Critiques of World Models
World Model, the supposed algorithmic surrogate of the real-world environment which biological agents experience with and act upon, has been an emerging topic in recent years because of the rising needs to develop virtual agents with artificial (general) intelligence. There has been much debate on what a world model really is, how to build it, how to use it, and how to evaluate it. In this essay, starting from the imagination in the famed Sci-Fi classic Dune, and drawing inspiration from the concept of “hypothetical thinking” in psychology literature, we offer critiques of several schools of thoughts on world modeling, and argue the primary goal of a world model to be simulating all actionable possibilities of the real world for purposeful reasoning and acting. Building on the critiques, we propose a new architecture for a general-purpose world model, based on hierarchical, multi-level, and mixed continuous/discrete representations, and a generative and self-supervised learning framework, with an outlook of a Physical, Agentic, and Nested (PAN) AGI system enabled by such a model.

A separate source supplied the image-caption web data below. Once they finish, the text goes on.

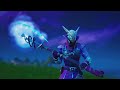 The ASTRAL AXE Is Secretly Reactive!  (How Is It Reactive - Astral Axe)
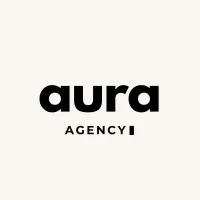 Aura Agency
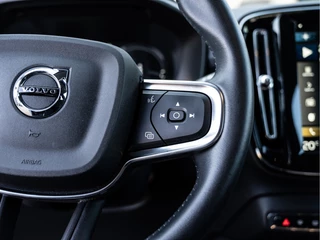 Volvo XC40 – thumbnail 34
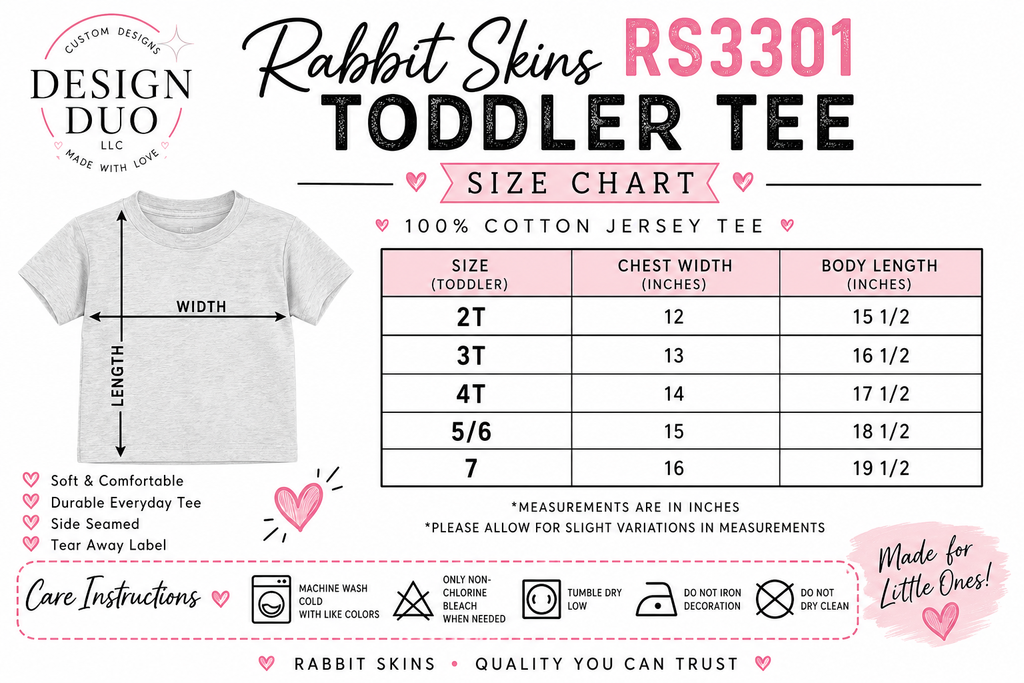 Toddler Kindergarten Bow Shirt | First Day of School Toddler Tee | Back to School Outfit | Cute Apple Bow Shirt | Rabbit Skins Tee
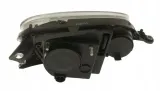alkar-2751014-reflektor-stan-nowy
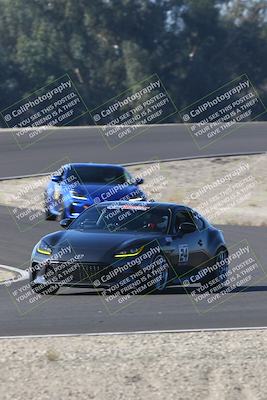 media/Nov-09-2025-Speed Ventures (Sun) [[388b781dcd]]/Orange/Session 2 (Turn 3)/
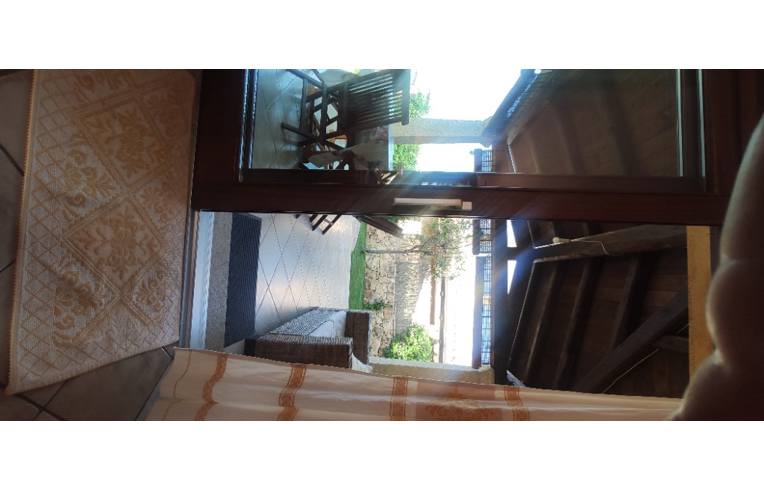 casa indipendente in affitto a Budoni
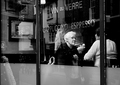 Cafe Society
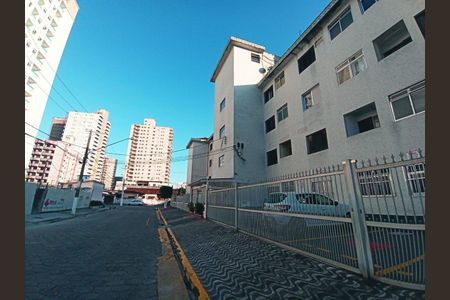 17_photo/94ce1e7d87.ba72ccba5814234e-ATLAS-e2e6d0b5-13af-4ec7-a1d9-851ad01ddbcb.jpg de apartamento à venda com 1 quarto, 48m² em Aviação, Praia Grande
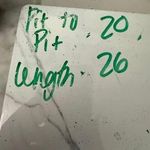 East 5th Fifth Women’s Large Black Leather Jacket Y2K 2000s Photo 4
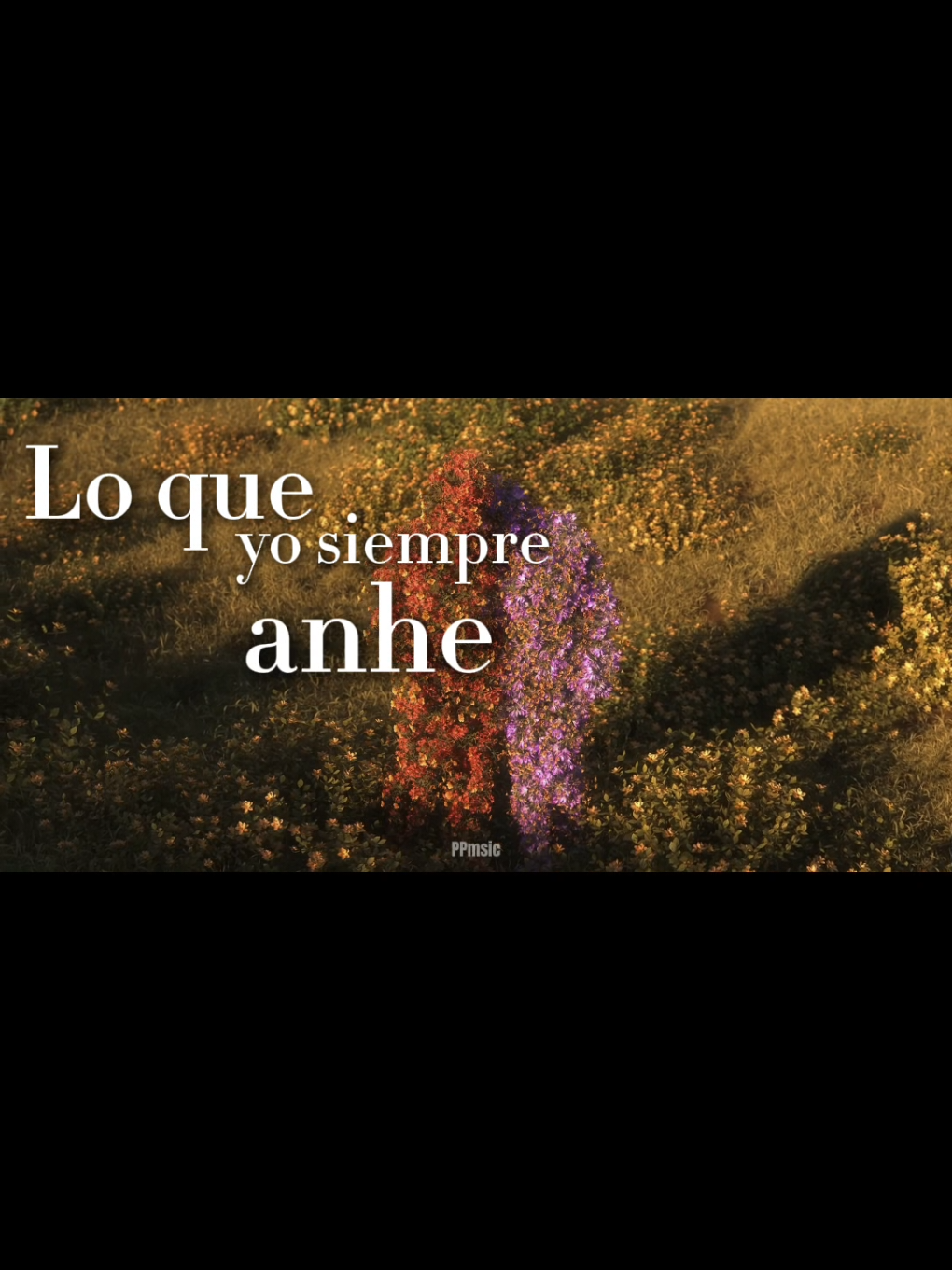 Te lo prometo//Humbe  #teloprometo #humbe #esenciatour #lyricsvideo #pepemsic @HUMBE 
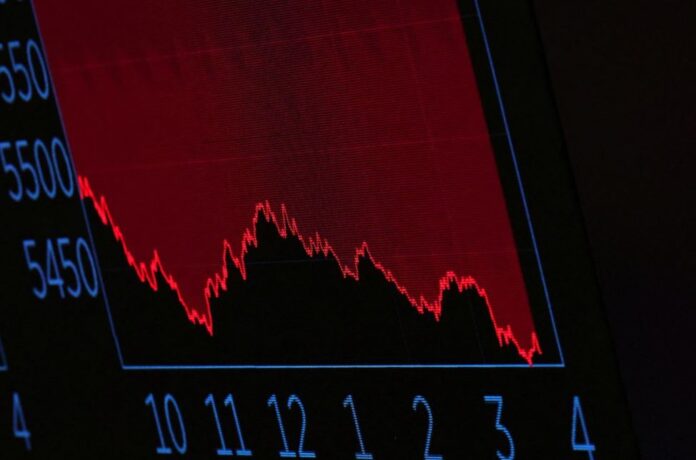 agores.jpg agores.jpg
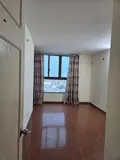 Bán chung cư VNT Tower Nguyễn Trãi - 100m2, 3PN, View đẹp - 7 tỷ - Ảnh 1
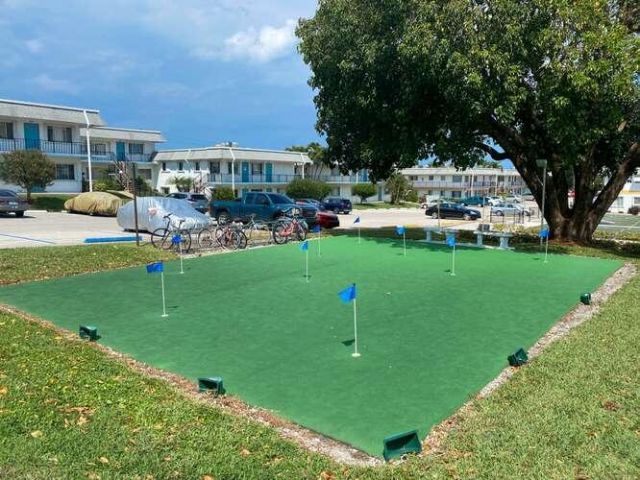 3362 Cynthia Lane, Unit 111, Lake Worth Beach, FL 33461 Photo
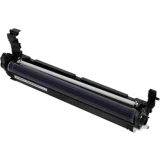 Фотобарабан NV Print NV-D1882264 DU Black (NV-D1882264DUBk)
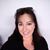 Heather Smith-Rodrigues's profile image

How should we create such a general WM? The key desiderata for building and training a WM include the following 5 aspects: identifying and preparing training data with the desired world information; adopting a general representation space for the latent world state with possibly richer meaning than the observation data in plain sight; designing an architecture that allows effective reasoning over the representations; choosing an objective that properly guides the model training; determining how to use the world model in a decision-making system. Recent years have seen a surge in efforts toward a world model. In this paper, we provide both empirical and technical critiques of several such efforts, including some very vocal schools of thoughts on WM where systematic proposals on the five aforementioned aspects of WM were offered.
A general-purpose WM enables simulation of diverse possibilities across a wide range of domains, enabling agents to reason about outcomes without direct interaction with the environment. This includes, but is not limited to the following examples:
• Physical dynamics: Mechanics of the real world, such as how water pours, how an object moves when thrown, or how a machine operates under varying conditions.
• Embodied experiences: Internal bodily states (e.g., balance, posture), sensations (e.g., heat, pain, dizziness), and complex motor activities like getting dressed or tying shoes.
• Emotional states: Affective responses such as happiness, sadness, or fear, which can facilitate planning in emotionally charged contexts (e.g., therapy or social interactions).
• Social situations: The actions and internal states of other individuals, including their embodied or emotional experiences, needs, intentions, and expectations.
• Mental world: Abstract “thought processes” such as logistics, tactics, and strategies, potentially in multi-agent or adversarial settings.
• Counterfactual world: Alternative realities or “what if” scenarios to guide better decision making under uncertainty or incomplete information.
• Evolutionary world: Generational dynamics such as genetic inheritance, adaptation, and survival of organisms.